__ABOUT THIS TASK__
With pictures left out, output word for word the lines from the one containing "Appartement à PARIS-10E" through the end of the material below.
*** DATA Section Begins ***
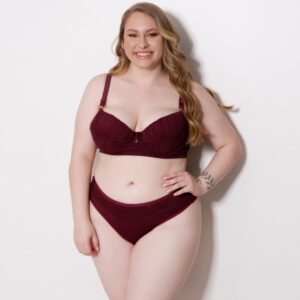 Conjunto Plus Size Lingerie com Bojo Drapeado e Renda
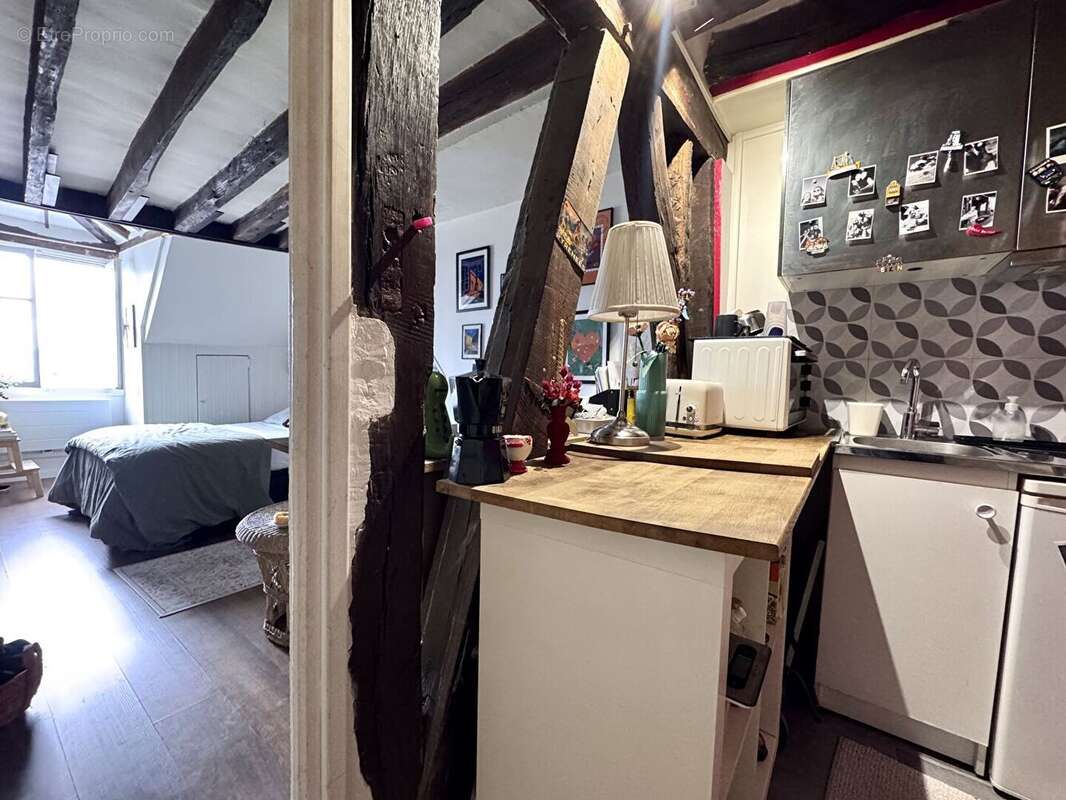 Appartement à PARIS-10E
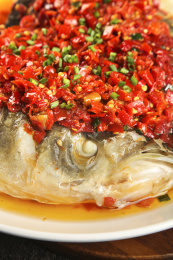 深底上的剁椒鱼头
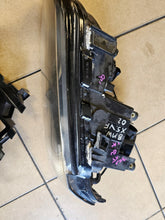 Laden Sie das Bild in den Galerie-Viewer, Frontscheinwerfer BMW X5 E53 Xenon Ein Stück (Rechts oder Links) Headlight SCH1961971073ah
*** DATA Section Ends ***
__THE COMPLETED TASK__
 Appartement à PARIS-10E
 深底上的剁椒鱼头
 Laden Sie das Bild in den Galerie-Viewer, Frontscheinwerfer BMW X5 E53 Xenon Ein Stück (Rechts oder Links) Headlight SCH1961971073ah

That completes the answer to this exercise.